Die Klägerin hat auf Anforderung des Gerichts die Provisionsabrechnungen für die Zeiträume April 2002 bis September 2002 (Bl. 307 ff. GA, Zusammenfassung Bl. 358 GA) und für die Jahre 2004 bis 2007 vorgelegt. Einkommensnachweise für den Zeitraum Oktober 2002 bis Ende Dezember 2004 hat sie nicht vorgelegt und dazu erklärt, diese Unterlagen seien ihr entwendet worden. Zur Glaubhaftmachung hat sie Unterlagen über die gerichtliche Auseinandersetzung mit einem ehemaligen Vermieter eingereicht. Die Klägerin hat außerdem einen Aufhebungsvertrag, den sie mit der Q. im Oktober 2007 geschlossen hat, vorgelegt. Aus einem weiteren Schreiben, welches die Klägerin eingereicht hat, geht hervor, dass sie ihren Vertrag mit der Q. AG zu Ende Dezember 2007 gekündigt hat.

Das Gericht hat Handelsregisterauszüge der Q. Gesellschaft für Wirtschafts- und Finanzberatung GmbH & Co. KG und der Q. Gesellschaft für Wirtschafts- und Finanzberatung GmbH und die Sitzungsniederschrift des LSG Nordrhein-Westfalen vom 14. April 2004 (L 8 RA 6/03) beigezogen (Zeugenaussage des Prokuristen der Q., Bl. 373 ff. GA) und an die Beteiligten überreicht. Mit den Beteiligten ist außerdem der Sach- und Streitstand in einem Termin erörtert worden.

Die Gerichtsakte und die Verwaltungsakte der Beklagten haben vorgelegen und waren Gegenstand der mündlichen Verhandlung.
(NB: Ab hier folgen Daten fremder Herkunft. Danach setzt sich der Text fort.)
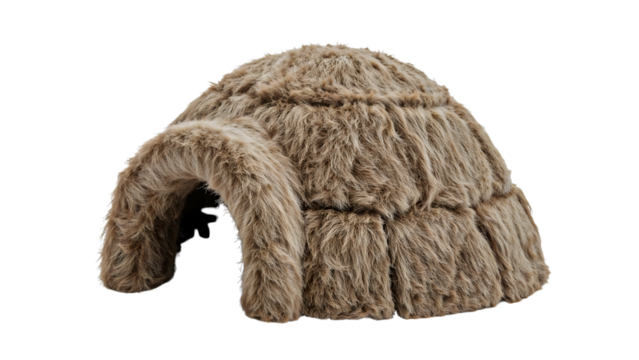 Traditional fur igloo structure isolated on the transparent background  arctic shelter, inuit architecture, winter survival, nomadic lifestyle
Wegen der weiteren Einzelheiten des Sachverhaltes und des Sachvortrages der Beteiligten wird ergänzend auf den Inhalt der Gerichtsakte und der Verwaltungsakte verwiesen.

Entscheidungsgründe:

Die nach § 143 des Sozialgerichtsgesetzes (SGG) statthafte und auch im Übrigen zulässige Berufung der Beklagten ist teilweise begründet.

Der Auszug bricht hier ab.